→ **ENTRIES PROVIDED**:

-------

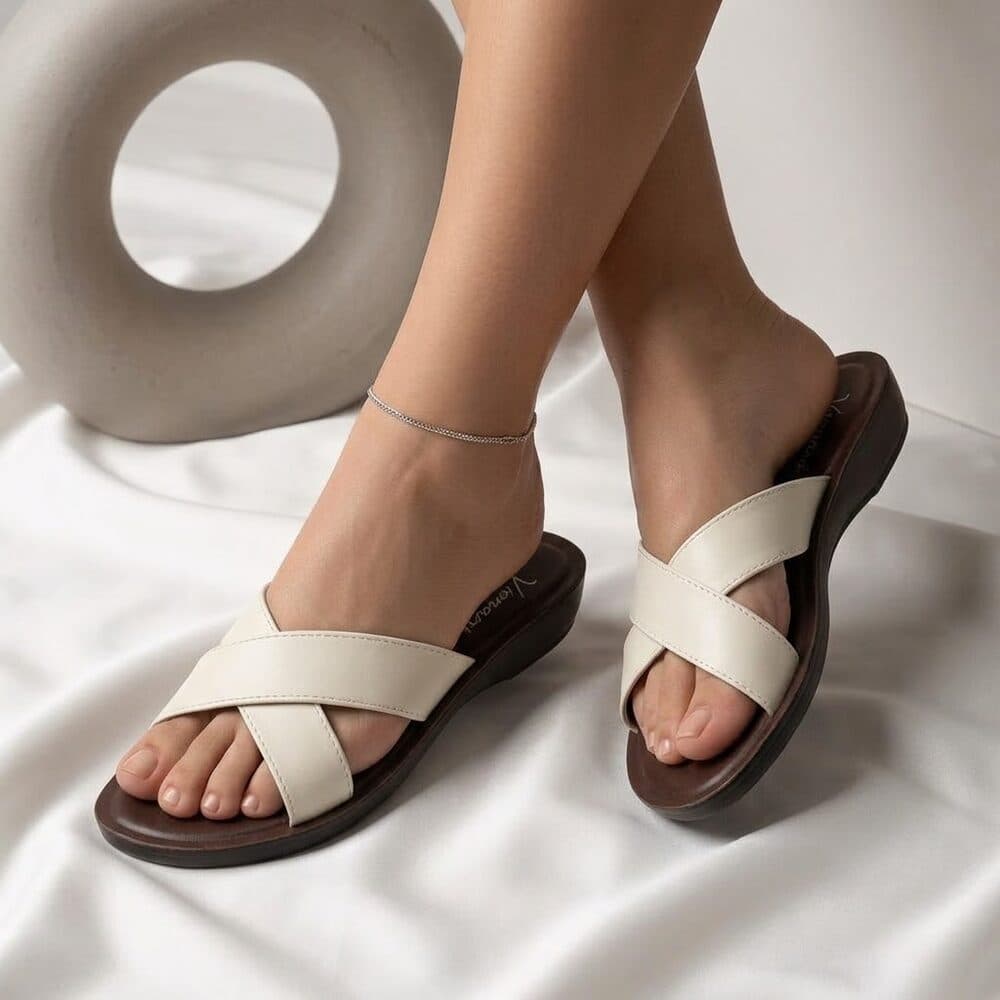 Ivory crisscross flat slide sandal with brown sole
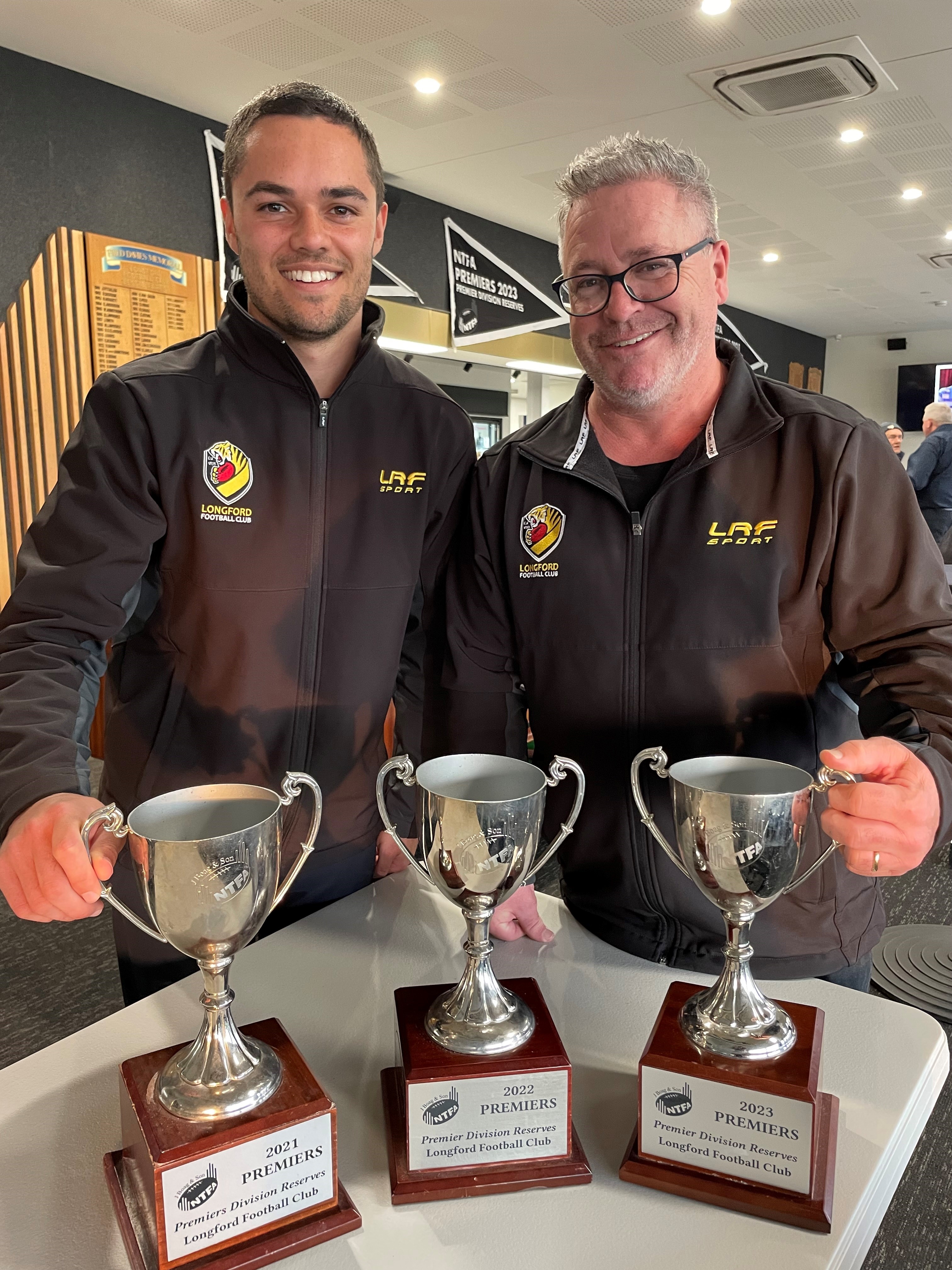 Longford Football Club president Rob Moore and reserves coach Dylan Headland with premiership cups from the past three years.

-------

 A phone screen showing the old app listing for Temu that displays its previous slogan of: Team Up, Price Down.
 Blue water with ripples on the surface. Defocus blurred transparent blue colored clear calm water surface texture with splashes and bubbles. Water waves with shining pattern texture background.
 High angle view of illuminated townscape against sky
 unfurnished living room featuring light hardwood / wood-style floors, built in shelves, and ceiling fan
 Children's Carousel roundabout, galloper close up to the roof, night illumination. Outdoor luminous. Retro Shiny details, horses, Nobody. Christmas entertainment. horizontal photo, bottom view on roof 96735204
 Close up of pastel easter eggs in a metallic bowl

-------

→ **BRIEF**: Output only the stretch above from the line with "Ivory crisscross flat" through the line with "Longford Football Club", reproduced exactly. Exclude pictures.

→ **SOLUTION**:
 Ivory crisscross flat slide sandal with brown sole
 Longford Football Club president Rob Moore and reserves coach Dylan Headland with premiership cups from the past three years.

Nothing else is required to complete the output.